Data supplied
====

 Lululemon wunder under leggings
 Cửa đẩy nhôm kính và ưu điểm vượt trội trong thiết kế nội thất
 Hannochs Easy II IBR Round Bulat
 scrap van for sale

====

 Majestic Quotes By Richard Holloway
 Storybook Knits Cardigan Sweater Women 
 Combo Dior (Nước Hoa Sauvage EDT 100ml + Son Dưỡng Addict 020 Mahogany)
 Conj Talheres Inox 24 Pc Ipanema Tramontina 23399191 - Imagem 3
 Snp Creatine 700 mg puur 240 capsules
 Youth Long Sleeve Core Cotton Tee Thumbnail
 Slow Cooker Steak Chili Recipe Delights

====

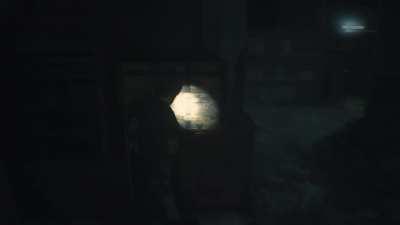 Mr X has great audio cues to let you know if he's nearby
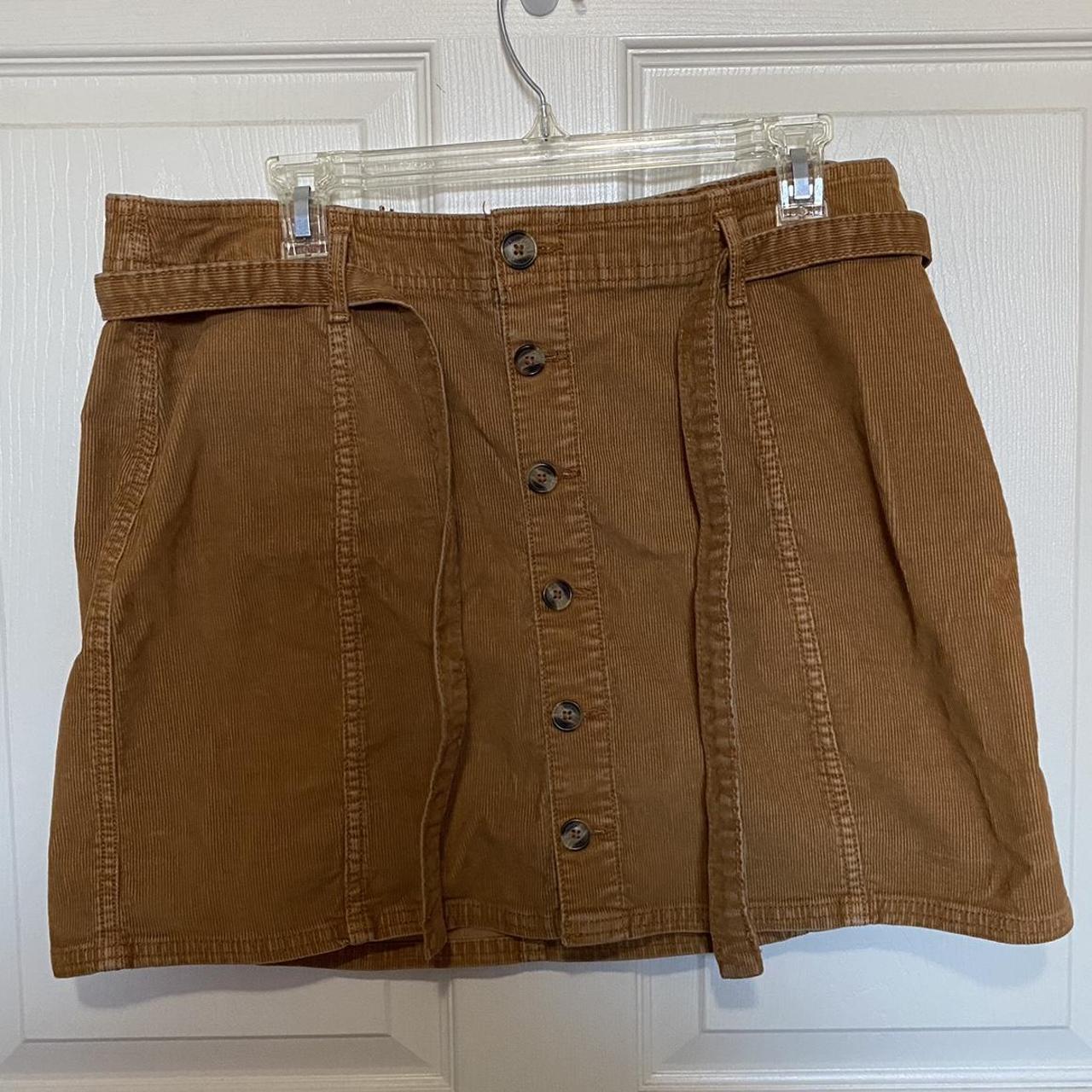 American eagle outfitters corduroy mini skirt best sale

====

Exercise prompt
Repeat exactly the lines above from the one with "Lululemon wunder under leggings" up to and including the one with "scrap van for sale". No other line belongs in the reply.

Task answer
 Lululemon wunder under leggings
 Cửa đẩy nhôm kính và ưu điểm vượt trội trong thiết kế nội thất
 Hannochs Easy II IBR Round Bulat
 scrap van for sale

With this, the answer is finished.